PROVIDED RECORDS =
::::
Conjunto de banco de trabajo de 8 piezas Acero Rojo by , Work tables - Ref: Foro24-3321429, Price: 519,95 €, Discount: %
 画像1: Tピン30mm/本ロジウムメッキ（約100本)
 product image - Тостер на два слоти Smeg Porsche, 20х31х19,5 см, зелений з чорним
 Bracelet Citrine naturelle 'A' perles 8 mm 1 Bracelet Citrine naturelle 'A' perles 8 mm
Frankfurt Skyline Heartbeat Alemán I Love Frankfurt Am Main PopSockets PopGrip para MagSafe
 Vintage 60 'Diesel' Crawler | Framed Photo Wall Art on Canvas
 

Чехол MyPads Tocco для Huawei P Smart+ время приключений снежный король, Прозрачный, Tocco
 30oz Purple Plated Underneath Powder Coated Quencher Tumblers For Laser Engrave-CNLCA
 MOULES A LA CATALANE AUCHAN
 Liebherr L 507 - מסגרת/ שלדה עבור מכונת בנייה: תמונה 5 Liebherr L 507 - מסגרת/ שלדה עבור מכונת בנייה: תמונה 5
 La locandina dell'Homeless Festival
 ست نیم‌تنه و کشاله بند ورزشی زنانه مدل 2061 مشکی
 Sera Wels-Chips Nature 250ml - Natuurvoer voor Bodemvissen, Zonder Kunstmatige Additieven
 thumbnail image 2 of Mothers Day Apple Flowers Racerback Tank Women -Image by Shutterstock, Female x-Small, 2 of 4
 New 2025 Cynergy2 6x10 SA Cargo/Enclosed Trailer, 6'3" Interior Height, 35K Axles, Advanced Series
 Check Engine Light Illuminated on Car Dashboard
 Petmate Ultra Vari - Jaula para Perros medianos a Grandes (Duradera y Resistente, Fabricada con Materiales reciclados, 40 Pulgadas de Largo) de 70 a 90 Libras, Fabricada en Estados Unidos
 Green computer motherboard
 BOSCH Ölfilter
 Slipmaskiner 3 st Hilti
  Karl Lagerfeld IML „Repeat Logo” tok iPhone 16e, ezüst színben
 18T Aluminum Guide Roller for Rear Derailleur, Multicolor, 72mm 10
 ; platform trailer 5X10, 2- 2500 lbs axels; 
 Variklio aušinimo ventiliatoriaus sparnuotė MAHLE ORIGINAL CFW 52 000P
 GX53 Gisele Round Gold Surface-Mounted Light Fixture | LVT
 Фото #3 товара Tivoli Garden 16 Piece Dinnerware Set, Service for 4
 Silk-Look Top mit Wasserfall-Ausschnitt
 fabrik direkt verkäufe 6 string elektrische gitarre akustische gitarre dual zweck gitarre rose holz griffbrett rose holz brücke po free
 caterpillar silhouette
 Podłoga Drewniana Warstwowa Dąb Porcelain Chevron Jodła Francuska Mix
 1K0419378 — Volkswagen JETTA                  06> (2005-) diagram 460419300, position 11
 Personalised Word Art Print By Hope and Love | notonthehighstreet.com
::::
TASK INSTRUCTIONS = Within the material above, copy exactly the lines from the line that holds "Frankfurt Skyline Heartbeat" up to and including the line that holds "תמונה 5 Liebherr".

EXERCISE RESPONSE =
Frankfurt Skyline Heartbeat Alemán I Love Frankfurt Am Main PopSockets PopGrip para MagSafe
 Vintage 60 'Diesel' Crawler | Framed Photo Wall Art on Canvas
 

Чехол MyPads Tocco для Huawei P Smart+ время приключений снежный король, Прозрачный, Tocco
 30oz Purple Plated Underneath Powder Coated Quencher Tumblers For Laser Engrave-CNLCA
 MOULES A LA CATALANE AUCHAN
 Liebherr L 507 - מסגרת/ שלדה עבור מכונת בנייה: תמונה 5 Liebherr L 507 - מסגרת/ שלדה עבור מכונת בנייה: תמונה 5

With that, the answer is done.